→ **Assigned task**
Only lines with the word "isThisMe" are wanted; copy each of them from the listing below.

→ **Task inputs**
Content starts

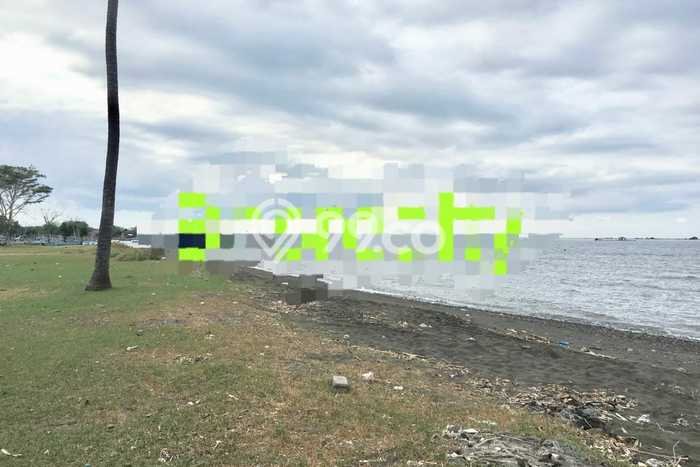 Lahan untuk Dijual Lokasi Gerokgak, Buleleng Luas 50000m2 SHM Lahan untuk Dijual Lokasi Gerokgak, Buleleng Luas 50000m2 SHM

Content ends
Content starts

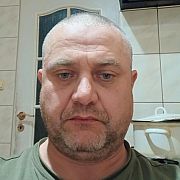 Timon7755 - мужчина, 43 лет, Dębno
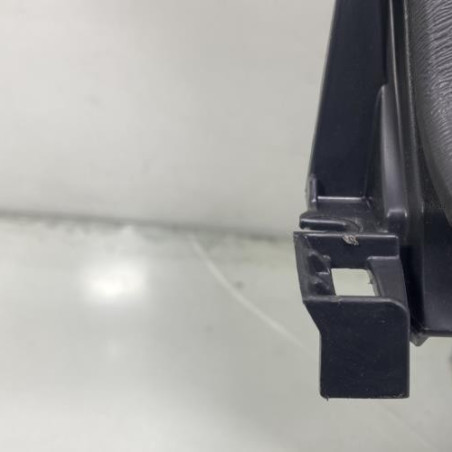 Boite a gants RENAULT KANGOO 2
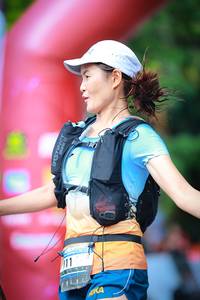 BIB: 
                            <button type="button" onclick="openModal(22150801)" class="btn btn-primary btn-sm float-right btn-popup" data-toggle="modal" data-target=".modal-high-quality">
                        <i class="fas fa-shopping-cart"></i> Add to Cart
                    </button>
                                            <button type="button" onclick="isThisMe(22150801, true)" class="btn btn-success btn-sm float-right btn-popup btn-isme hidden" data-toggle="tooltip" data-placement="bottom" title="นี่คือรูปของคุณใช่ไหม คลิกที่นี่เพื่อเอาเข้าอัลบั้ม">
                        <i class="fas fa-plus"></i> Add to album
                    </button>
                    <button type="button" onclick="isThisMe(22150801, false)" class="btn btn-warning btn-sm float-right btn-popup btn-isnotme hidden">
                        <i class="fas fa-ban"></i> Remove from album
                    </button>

Content ends

→ **Answer box**
                                            <button type="button" onclick="isThisMe(22150801, true)" class="btn btn-success btn-sm float-right btn-popup btn-isme hidden" data-toggle="tooltip" data-placement="bottom" title="นี่คือรูปของคุณใช่ไหม คลิกที่นี่เพื่อเอาเข้าอัลบั้ม">
                    <button type="button" onclick="isThisMe(22150801, false)" class="btn btn-warning btn-sm float-right btn-popup btn-isnotme hidden">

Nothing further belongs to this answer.